Nel terzo gruppo ci sono le qualificazioni rilasciate prima dell’anno scolastico 2014/2015 dai Centri Territoriali Permanenti (CTP): diploma di licenza conclusiva del primo ciclo di istruzione (terza media); titolo attestante il raggiungimento di un livello di conoscenza della lingua italiana a livello A2.
Chi ha uno dei titoli elencati in questi tre gruppi esonerato anche dal test di educazione civica. Infatti, come spiega la circolare, “si ritiene che il percorso di studi abbia fornito i richiesti elementi di conoscenza”.
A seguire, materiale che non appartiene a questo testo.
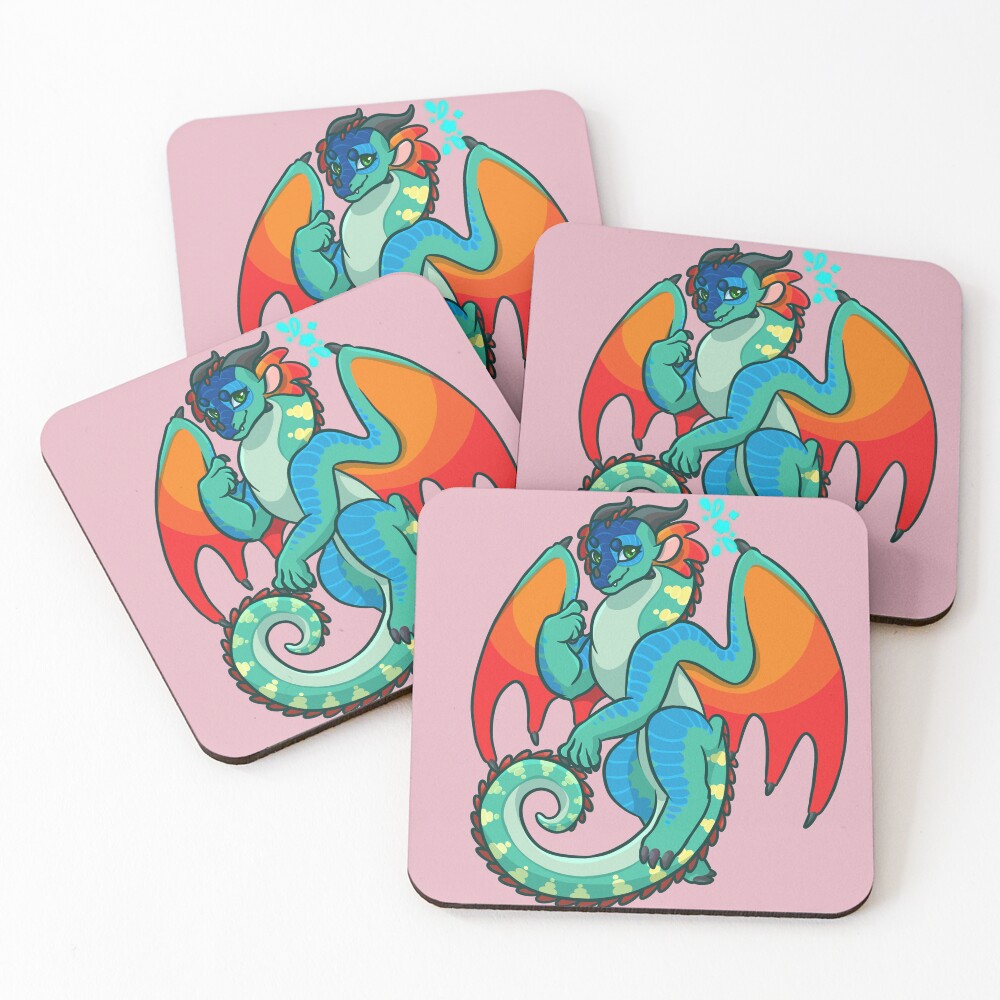 Item preview, Coasters (Set of 4) designed and sold by Random-Raskal.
C’è poi un quarto gruppo in cui rientrano i certificati linguistici: il "CELI1" (Certificato di Lingua Italiana) rilasciato dall’Università per stranieri di Perugia;  il "CILS A2" (Certificato di Italiano Lingua Straniera- Livello A2) rilasciato dall’Università per Stranieri di Siena; il “PLIDA” (Programma Lingua Italiana Dante Alighieri); la "Certificazione italiano L2" rilasciata dall’Università degli Studi di Roma 3.provinciali di istruzione per adulti. Per questi ultimi due certificati si sta valutando se prevedere anche l’esonero dal test di educazione civica.
Nessun test, infine, né d’italiano né di educazione civica, per gli “studenti universitari regolarmente frequentanti”. Sono infatti in “quotidiano contato con un ambiente che per sua natura trasmette i principi di educazione civica e di cultura italiana richiesti”.